- WHAT TO PRODUCE
Where the listing below reaches the line containing "2025 Evening dress", start writing out lines exactly, and stop once the line containing "Canapé velours beige" has been written.

- GIVEN ENTRIES
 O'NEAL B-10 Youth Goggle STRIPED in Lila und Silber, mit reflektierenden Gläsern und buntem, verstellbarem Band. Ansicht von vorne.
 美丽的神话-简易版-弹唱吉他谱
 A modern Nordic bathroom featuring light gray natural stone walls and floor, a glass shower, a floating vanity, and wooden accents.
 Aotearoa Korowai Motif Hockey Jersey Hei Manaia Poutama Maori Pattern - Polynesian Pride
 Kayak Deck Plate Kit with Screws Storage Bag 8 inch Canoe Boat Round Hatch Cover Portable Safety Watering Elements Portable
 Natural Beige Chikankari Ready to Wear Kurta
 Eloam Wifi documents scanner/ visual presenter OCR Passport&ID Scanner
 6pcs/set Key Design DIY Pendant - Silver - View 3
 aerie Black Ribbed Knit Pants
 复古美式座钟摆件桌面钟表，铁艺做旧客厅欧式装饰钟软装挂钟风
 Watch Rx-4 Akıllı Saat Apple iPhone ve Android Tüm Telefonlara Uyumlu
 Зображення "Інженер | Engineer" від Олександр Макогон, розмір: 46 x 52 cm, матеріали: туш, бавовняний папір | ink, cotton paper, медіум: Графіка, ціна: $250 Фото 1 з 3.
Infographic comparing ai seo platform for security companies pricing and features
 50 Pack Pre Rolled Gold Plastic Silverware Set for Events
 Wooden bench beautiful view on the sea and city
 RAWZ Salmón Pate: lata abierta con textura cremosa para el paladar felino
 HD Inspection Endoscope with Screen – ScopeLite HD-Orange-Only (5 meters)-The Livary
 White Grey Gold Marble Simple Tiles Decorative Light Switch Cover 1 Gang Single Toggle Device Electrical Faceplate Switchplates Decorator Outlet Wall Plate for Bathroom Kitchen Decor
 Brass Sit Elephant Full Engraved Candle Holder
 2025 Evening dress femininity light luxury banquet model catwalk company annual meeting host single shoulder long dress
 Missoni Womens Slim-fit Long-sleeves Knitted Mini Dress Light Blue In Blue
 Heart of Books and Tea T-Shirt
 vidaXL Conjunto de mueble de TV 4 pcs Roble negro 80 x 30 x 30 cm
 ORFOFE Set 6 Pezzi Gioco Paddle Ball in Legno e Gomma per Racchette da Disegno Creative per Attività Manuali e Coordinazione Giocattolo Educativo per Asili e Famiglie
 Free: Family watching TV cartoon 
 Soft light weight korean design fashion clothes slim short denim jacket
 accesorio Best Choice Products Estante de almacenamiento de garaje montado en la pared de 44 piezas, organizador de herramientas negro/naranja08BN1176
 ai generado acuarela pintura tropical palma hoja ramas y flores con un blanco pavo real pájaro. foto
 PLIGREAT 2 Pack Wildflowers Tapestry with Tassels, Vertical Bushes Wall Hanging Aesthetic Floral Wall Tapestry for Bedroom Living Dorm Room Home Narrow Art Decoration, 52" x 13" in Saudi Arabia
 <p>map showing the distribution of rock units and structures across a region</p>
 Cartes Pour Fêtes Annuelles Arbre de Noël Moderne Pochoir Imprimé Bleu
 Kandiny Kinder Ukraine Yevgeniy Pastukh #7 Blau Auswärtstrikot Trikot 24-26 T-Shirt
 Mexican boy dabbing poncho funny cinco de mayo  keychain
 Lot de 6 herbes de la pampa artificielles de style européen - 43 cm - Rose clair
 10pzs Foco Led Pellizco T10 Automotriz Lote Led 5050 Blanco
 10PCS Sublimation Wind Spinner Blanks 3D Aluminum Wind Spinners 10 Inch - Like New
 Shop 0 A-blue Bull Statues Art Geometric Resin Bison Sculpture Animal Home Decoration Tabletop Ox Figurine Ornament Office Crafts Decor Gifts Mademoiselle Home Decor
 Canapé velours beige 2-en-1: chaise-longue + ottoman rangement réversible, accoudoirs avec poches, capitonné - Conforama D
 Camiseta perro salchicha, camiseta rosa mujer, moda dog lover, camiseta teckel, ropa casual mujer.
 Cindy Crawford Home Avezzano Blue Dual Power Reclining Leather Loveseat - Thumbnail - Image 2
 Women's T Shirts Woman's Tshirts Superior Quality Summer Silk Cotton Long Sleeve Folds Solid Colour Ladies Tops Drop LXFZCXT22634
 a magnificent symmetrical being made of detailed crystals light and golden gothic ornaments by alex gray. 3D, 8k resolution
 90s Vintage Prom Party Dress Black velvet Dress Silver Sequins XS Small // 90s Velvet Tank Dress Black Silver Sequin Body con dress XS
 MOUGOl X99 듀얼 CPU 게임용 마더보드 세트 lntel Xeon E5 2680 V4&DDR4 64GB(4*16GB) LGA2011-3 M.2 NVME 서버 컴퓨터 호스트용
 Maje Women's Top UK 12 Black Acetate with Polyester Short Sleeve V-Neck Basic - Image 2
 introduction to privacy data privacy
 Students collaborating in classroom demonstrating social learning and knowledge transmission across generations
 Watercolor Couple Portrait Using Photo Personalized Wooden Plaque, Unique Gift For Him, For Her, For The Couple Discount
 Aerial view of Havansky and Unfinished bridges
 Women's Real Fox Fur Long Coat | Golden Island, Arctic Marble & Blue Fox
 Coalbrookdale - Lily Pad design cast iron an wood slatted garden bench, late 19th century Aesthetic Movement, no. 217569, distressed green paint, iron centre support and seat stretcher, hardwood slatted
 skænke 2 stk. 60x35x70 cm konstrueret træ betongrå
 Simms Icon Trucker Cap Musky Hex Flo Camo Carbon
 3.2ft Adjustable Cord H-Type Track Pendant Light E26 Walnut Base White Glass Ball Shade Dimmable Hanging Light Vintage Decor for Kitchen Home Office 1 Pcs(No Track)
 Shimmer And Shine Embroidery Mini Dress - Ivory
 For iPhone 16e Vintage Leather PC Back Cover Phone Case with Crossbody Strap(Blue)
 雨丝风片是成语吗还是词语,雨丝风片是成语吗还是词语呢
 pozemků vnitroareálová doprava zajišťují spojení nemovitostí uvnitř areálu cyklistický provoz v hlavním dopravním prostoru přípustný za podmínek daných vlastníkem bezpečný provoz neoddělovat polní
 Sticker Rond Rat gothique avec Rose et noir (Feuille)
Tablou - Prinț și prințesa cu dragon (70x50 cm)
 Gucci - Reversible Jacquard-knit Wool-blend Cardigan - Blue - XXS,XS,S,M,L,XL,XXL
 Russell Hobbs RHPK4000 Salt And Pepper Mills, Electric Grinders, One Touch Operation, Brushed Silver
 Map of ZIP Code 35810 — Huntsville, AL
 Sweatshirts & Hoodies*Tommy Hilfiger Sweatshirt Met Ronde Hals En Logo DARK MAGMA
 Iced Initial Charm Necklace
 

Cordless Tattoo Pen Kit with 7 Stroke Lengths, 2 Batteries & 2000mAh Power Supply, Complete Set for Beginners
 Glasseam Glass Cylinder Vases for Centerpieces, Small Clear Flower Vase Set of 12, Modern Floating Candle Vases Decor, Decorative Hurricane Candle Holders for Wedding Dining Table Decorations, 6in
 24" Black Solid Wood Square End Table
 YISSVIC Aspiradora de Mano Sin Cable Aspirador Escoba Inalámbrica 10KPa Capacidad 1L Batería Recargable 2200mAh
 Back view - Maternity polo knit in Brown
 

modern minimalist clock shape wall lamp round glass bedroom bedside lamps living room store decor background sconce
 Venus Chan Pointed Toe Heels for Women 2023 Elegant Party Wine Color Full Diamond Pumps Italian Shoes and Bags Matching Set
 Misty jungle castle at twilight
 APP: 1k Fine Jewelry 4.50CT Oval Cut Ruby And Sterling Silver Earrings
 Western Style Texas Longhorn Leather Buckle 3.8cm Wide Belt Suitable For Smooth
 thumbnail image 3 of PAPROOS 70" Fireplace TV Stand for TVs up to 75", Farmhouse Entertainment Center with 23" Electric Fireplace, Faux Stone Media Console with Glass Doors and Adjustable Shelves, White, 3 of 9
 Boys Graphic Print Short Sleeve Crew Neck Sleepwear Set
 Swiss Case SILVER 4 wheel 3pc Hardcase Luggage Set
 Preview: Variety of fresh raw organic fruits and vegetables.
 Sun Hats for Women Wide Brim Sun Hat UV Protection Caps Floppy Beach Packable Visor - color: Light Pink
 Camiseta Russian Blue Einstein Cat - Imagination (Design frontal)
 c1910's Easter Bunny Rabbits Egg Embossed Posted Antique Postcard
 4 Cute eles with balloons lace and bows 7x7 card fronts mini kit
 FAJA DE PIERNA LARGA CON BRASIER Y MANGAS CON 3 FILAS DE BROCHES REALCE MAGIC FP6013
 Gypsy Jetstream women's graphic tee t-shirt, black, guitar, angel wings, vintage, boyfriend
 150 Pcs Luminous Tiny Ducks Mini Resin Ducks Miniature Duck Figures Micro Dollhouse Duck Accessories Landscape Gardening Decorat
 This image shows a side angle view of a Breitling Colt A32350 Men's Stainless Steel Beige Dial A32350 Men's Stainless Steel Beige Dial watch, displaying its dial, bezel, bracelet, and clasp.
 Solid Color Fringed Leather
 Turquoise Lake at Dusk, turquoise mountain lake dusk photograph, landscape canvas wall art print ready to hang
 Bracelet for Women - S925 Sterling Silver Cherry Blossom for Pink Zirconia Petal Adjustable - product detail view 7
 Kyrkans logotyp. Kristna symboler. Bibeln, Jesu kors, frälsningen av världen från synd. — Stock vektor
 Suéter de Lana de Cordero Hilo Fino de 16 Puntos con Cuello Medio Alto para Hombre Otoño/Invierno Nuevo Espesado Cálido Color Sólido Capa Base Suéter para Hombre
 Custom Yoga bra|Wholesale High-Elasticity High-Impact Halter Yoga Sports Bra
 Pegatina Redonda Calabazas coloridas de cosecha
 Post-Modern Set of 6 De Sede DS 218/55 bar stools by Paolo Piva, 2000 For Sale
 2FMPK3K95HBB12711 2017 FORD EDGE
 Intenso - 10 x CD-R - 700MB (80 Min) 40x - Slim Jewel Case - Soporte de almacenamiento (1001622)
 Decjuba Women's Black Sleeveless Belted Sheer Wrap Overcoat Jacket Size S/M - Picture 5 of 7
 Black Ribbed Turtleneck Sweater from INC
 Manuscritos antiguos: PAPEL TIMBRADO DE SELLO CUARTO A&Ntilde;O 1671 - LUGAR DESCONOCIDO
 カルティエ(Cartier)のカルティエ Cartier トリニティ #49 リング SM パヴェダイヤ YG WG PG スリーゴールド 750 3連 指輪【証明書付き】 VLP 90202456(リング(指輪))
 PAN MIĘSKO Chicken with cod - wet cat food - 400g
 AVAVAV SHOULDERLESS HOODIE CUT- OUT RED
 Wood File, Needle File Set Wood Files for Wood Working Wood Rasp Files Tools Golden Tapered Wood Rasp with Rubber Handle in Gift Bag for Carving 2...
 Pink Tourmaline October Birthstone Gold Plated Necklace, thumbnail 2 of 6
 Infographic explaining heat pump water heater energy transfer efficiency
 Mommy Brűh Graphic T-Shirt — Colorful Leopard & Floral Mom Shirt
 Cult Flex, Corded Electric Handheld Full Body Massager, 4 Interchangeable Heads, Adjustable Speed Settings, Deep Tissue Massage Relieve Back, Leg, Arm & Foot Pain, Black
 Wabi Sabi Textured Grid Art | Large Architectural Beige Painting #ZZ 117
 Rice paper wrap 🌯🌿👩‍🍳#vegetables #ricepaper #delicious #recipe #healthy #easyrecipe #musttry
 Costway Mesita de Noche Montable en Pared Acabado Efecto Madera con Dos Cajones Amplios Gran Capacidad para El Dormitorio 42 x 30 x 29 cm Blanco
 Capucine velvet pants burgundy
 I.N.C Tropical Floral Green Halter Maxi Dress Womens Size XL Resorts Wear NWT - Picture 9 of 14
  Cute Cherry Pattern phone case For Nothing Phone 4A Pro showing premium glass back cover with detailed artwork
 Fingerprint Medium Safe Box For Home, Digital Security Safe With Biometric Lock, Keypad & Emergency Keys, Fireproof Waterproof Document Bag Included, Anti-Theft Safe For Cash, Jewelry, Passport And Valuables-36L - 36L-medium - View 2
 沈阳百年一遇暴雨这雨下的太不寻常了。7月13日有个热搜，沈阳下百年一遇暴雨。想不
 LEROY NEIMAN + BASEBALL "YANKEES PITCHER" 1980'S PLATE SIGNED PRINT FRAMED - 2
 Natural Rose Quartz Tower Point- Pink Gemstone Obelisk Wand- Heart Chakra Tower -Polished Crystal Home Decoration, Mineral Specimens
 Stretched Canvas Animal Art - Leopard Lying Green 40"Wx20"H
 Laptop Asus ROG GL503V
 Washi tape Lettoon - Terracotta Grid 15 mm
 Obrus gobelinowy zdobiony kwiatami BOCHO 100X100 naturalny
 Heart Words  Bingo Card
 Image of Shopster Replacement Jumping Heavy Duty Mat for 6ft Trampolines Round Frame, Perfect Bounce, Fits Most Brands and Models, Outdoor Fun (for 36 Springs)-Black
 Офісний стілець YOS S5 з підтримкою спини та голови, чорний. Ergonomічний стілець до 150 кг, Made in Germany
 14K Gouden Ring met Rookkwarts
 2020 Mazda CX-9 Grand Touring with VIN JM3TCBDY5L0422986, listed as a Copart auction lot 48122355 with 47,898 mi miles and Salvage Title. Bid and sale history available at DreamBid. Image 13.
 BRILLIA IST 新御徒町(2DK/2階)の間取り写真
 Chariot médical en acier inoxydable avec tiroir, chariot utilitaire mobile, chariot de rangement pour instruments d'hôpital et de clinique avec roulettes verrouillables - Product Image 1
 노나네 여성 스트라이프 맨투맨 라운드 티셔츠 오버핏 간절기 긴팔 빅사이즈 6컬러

- RESULT BELOW
 2025 Evening dress femininity light luxury banquet model catwalk company annual meeting host single shoulder long dress
 Missoni Womens Slim-fit Long-sleeves Knitted Mini Dress Light Blue In Blue
 Heart of Books and Tea T-Shirt
 vidaXL Conjunto de mueble de TV 4 pcs Roble negro 80 x 30 x 30 cm
 ORFOFE Set 6 Pezzi Gioco Paddle Ball in Legno e Gomma per Racchette da Disegno Creative per Attività Manuali e Coordinazione Giocattolo Educativo per Asili e Famiglie
 Free: Family watching TV cartoon 
 Soft light weight korean design fashion clothes slim short denim jacket
 accesorio Best Choice Products Estante de almacenamiento de garaje montado en la pared de 44 piezas, organizador de herramientas negro/naranja08BN1176
 ai generado acuarela pintura tropical palma hoja ramas y flores con un blanco pavo real pájaro. foto
 PLIGREAT 2 Pack Wildflowers Tapestry with Tassels, Vertical Bushes Wall Hanging Aesthetic Floral Wall Tapestry for Bedroom Living Dorm Room Home Narrow Art Decoration, 52" x 13" in Saudi Arabia
 <p>map showing the distribution of rock units and structures across a region</p>
 Cartes Pour Fêtes Annuelles Arbre de Noël Moderne Pochoir Imprimé Bleu
 Kandiny Kinder Ukraine Yevgeniy Pastukh #7 Blau Auswärtstrikot Trikot 24-26 T-Shirt
 Mexican boy dabbing poncho funny cinco de mayo  keychain
 Lot de 6 herbes de la pampa artificielles de style européen - 43 cm - Rose clair
 10pzs Foco Led Pellizco T10 Automotriz Lote Led 5050 Blanco
 10PCS Sublimation Wind Spinner Blanks 3D Aluminum Wind Spinners 10 Inch - Like New
 Shop 0 A-blue Bull Statues Art Geometric Resin Bison Sculpture Animal Home Decoration Tabletop Ox Figurine Ornament Office Crafts Decor Gifts Mademoiselle Home Decor
 Canapé velours beige 2-en-1: chaise-longue + ottoman rangement réversible, accoudoirs avec poches, capitonné - Conforama D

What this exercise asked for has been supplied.